A partir de este taller, los chicos se quedan tiempo extra después de clases para aprender las enseñanzas del hermano Andrés y, de paso, jugar con sus compañeros. “El gran problema que tenemos en todas las escuelas es la motivación de los chicos. Entonces, que vengan a la escuela contentos y poder darles este tipo de oportunidades está bueno porque los motiva y genera un sentido de pertenencia importante.
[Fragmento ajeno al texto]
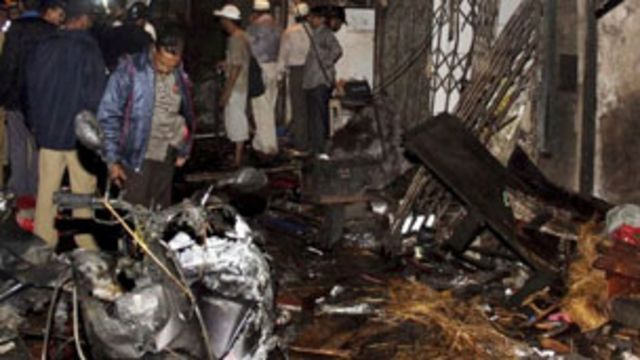 孟买发生连环炸弹爆炸至少人丧生 c News 中文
Si los chicos están bien vinculados con la escuela, estudian mejor, se portan mejor y vienen más contentos”, analiza Dacuña.
Además, el director de secundaria explica que, en el contexto de vulnerabilidad en que se encuentra el barrio actualmente, “todavía es más importante porque hace que los chicos hagan propia la escuela”. “Nació como una escuela para el barrio, entonces necesitamos que la gente se identifique con ella, que la sientan propia y que sea un espacio donde vengan a descansar o a salir de ciertos contextos que ellos viven día a día”, explica el docente.
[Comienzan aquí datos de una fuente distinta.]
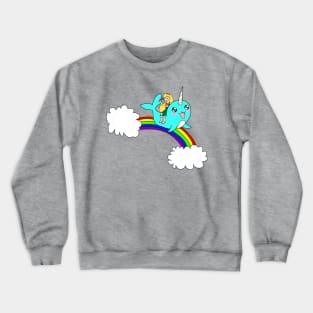 Star Butterfly: Rainbow Slide Crewneck Sweatshirt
En el mismo sentido, Andrés resalta que “cuando los chicos están en torno a una pelota se sienten felices, y los alejamos de ya sabemos qué cosas”. Por otro lado, manifiesta que la finalidad del taller es, más allá de aprender el oficio, formarlos como personas y que encuentren su vocación. “Sobre todo la de servicio, como la que yo presto al barrio. A veces me preguntan cuánto les voy a cobrar y yo les respondo que nada, que sólo tienen que ser buenos alumnos y buenas personas”, relata el hermano.
Aprender, jugar y compartir
Con solo un tablón a la sombra de los árboles ubicados en el patio, Andrés prepara minuciosamente sus herramientas para comenzar el taller. Al lado tiene un carrito de supermercado colmado de pelotas de todo tipo, tamaño y color. En la mesa, un tarro con jeringas, un plato con agua y el látex, cubierto con una bolsa para no manchar la ropa.
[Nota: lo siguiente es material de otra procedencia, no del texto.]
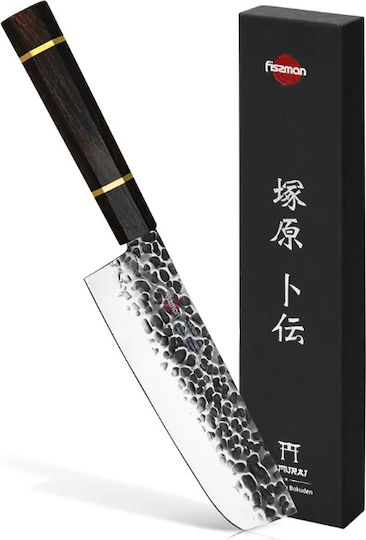 Fissman Kensei Bokuden Cuțit Nakiri Din Oțel Inoxidabil 18cm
Llegada la hora, un grupo de 15 chicos de quinto año se acerca al tablón y rodea a Andrés, ya dispuesto a empezar. Ellos comienzan algo dispersos, pero la pasión con la que el hermano transmite lo que sabe los va atrapando y, poco a poco, están todos concentrados en la lección.
Cada uno tiene una pelota y se reparten las tareas para identificar las pinchaduras, repararlas y terminar el trabajo. Luego vendrá otro taller para que aprendan cómo cocer los cascos.
“No es un secreto reparar, pero sí se necesita paciencia y tiempo”, insiste Andrés ante sus alumnos, que lo escuchan atentos. Uno de ellos, Uriel, afirma que no le resultó difícil y que ahora se anima a arreglar alguna pelota. Más allá de eso, confiesa: “Nos quedamos para estar y jugar con los chicos. Es lo que más me gusta, compartir y ayudar en algo a la escuela”.
Magalí, por su parte, se animó porque sus compañeros la invitaron. “Estuvo bueno”, expresa, y asegura que le recomendaría a un compañero “que venga para pasar el tiempo, para compartir un poco y hacer algo para la escuela”. Melanie y Catalina confían en que, si los talleres son interesantes y entretenidos, harían otros.
“Los chicos son un poco tímidos y les cuesta decidirse de entrada, pero cuando ven a sus compañeros y a otros grupos lo que están haciendo, se entusiasman”, concluye Andrés. “Todos los que se quedaron, están fuera del horario de clases. Eso habla de que ellos prefieren, muchas veces, estar en la escuela”, sentencia Dacuña.
Una forma de contención
Sea como sea, el taller se ha ido convirtiendo en una forma más de relacionar al barrio y sus familias con la escuela. “Esto ha sido como una especie de prueba piloto que surgió por la necesidad de los materiales, pero la verdad es que estamos entusiasmados y la escuela quiere involucrarse cada vez más con la gente del barrio”, sostiene el director de secundaria.
El hermano Andrés, mientras tanto, está dispuesto para el próximo desafío: “Me gustaría hacer otros talleres, como de cocina. Tenemos todo y está la posibilidad. El año pasado se habló también de huerta, algo que también dominamos”.
Por último, Dacuña resalta que “todas las escuelas de la provincia se las rebuscan o intentan dar oportunidades e ideas innovadoras, con más o menos recursos”. Aunque es algo “no tan visto o conocido” por las comunidades, asegura que en las escuelas de Mendoza se hace “un esfuerzo enorme para tratar de seguir conteniendo a los chicos, responder a las familias y aparte hacer lo que debemos como escuela”.